# first deer with a bow



## T3xasb0y89 (Mar 29, 2010)

30 yard perfect heart shot ran 5 yards, clean though hit

Bow: bow-tech Guardian 
pounds pull: 74

points: 8

Score: Unknown


----------



## CatfishingHarry (Sep 21, 2006)

*AWESOME!!!!!*

I TOO GOT MY FIRST DEER THIS PAST SEASON, NOT QUITE AS BEAUTIFUL AS YOURS, BUT JUST AS AWESOME OF A FEELING!!! CONGRATS!!


----------



## marshhunter (Mar 20, 2008)

aint ya glad i let you borrow my bow?? :cheers:


----------



## salth2o (Sep 21, 2004)

Congrats on an awesome buck!

I took my first deer with a bow this year. He was a cull, but it was enough to get me hooked.

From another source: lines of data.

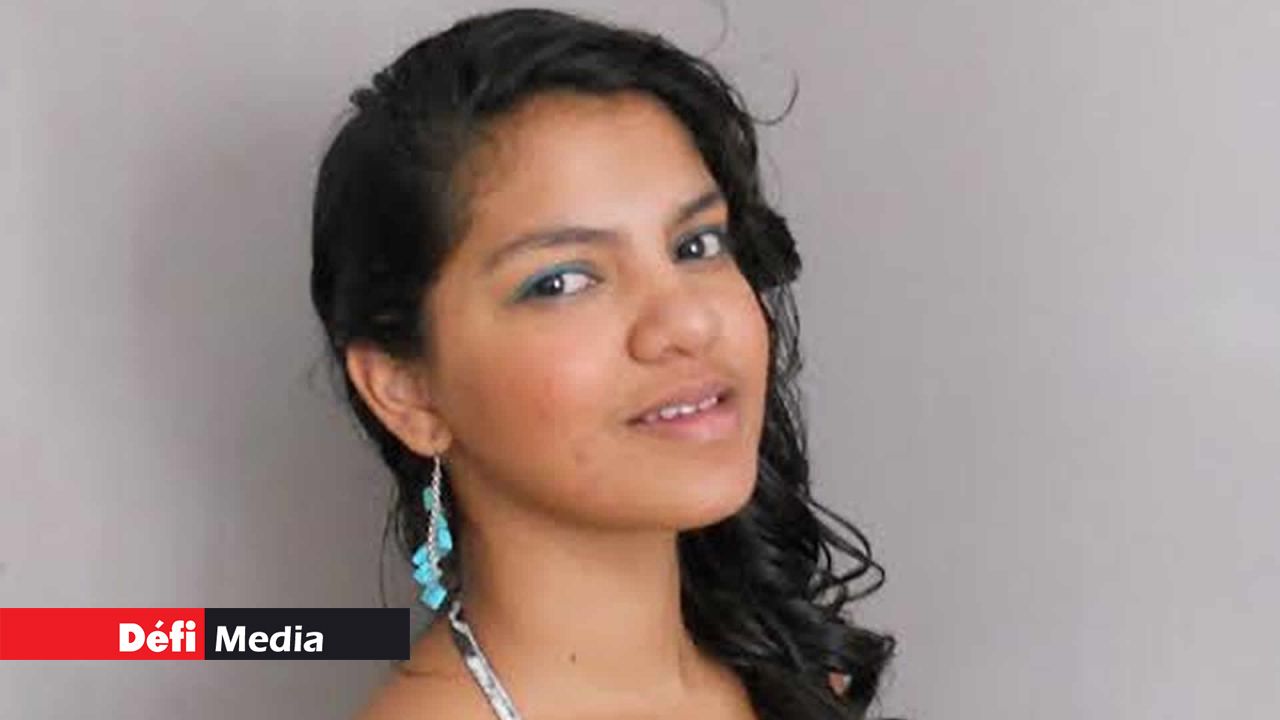 Déborah vit sa passion constamment, car son savoir-faire en pâtisserie est un héritage familial.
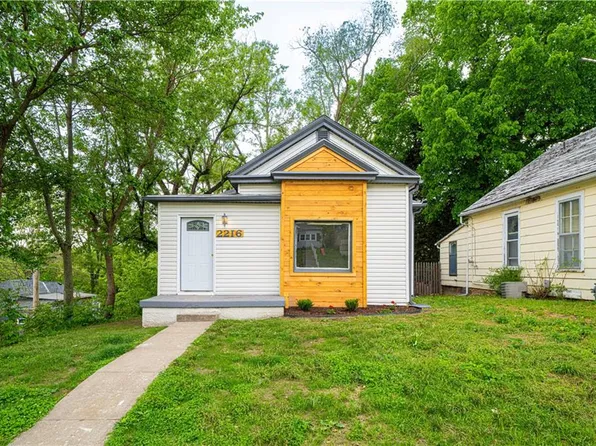 2216 Main St, Saint Joseph, MO 64505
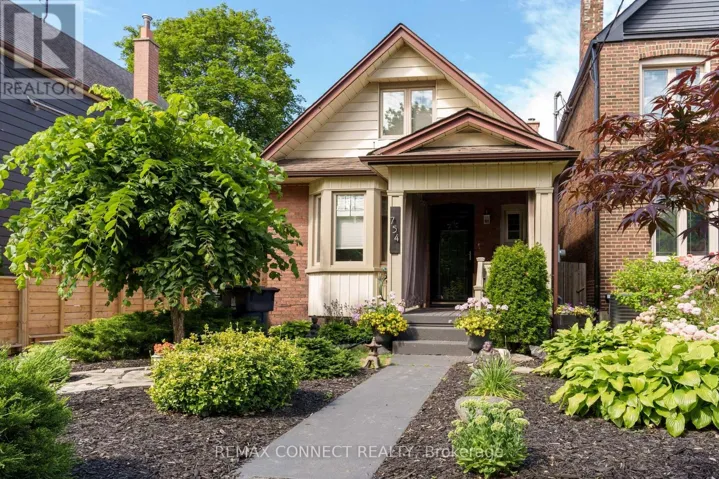 754 WINDERMERE AVENUE, Toronto (Runnymede-Bloor West Village), Ontario M6S3M6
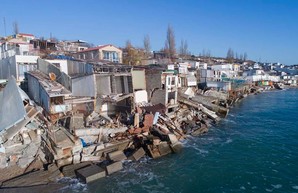Эксперт по берегоукреплению предсказывает продолжение оползней в городе-спутнике Одессы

I shoot a Bowtech Guardian as well.


----------



## rhammock (Aug 11, 2005)

Congrats guys! The first deer with a bow...you will never forget it.


----------



## Texhntr1022 (Jul 27, 2009)

congrats! that's a heck of a first bowkill.


----------



## Rack Ranch (May 25, 2004)

Nice buck..congrats


----------



## redduck (Jul 26, 2006)

I am 66 years old and only started bow hunting about 10 years ago. I have killed four deer and they have been among the most rewarding hunting experiences I have ever encountered. I encourage everyone that loves to hunt to start bow hunting at an early age. You want regret it. by the way congratulations


----------



## Blastn & Castn (Mar 11, 2010)

Nice bow buck u got me beat! FOR NOW


----------



## T3xasb0y89 (Mar 29, 2010)

Lol ty guys yea im def hooked on bow hunting, it made me pick up bow fishing so i can practice in the off season more


----------



## Bucksnort (Jun 29, 2004)

Awesome job to both of you.


----------



## 2GOOD (Mar 16, 2008)

Great thing about bowhunting is you don't want to pick up a rifle again. Congrats on your first.


----------



## marshhunter (Mar 20, 2008)

txboy: you need to post a better pic..that one does not do the buck justice


----------



## igo320 (May 17, 2005)

Congrats on your first of many deer taken with a bow. Every hunt you will learn something new about the sport. Will be looking forward to more reports this coming season.
igo


----------



## whackmaster (Apr 2, 2010)

*Congrats*.....I remember my 1st and 2nd bow kill (about 2 minutes apart). Killed 2 does some 20 years ago...I still love to bow hunt. I haven't picked up a rifle since then........


----------



## Bowhntr (Aug 7, 2006)

The thrill will be forever on your mind when the season grow closer... Bowhunting is an awsome experience getting that close to an animal without them know and getting the right shot placment....burrrr! what a rush
WELCOME TO *THE BROTHERHOOD OF BOWHUNT....* congrat to all newbies


----------



## Whitebassfisher (May 4, 2007)

Bowhntr said:


> The thrill will be forever on your mind when the season grow closer... Bowhunting is an awsome experience getting that close to an animal without them know and getting the right shot placment....burrrr! what a rush
> WELCOME TO *THE BROTHERHOOD OF BOWHUNT....* congrat to all newbies


Well worded. Bowhunting is so addictive and rewarding. It changes hunting to a whole other level. Murphy's Law enters into bowhunting quite often, but it is such a rich experience even if you don't release an arrow.


----------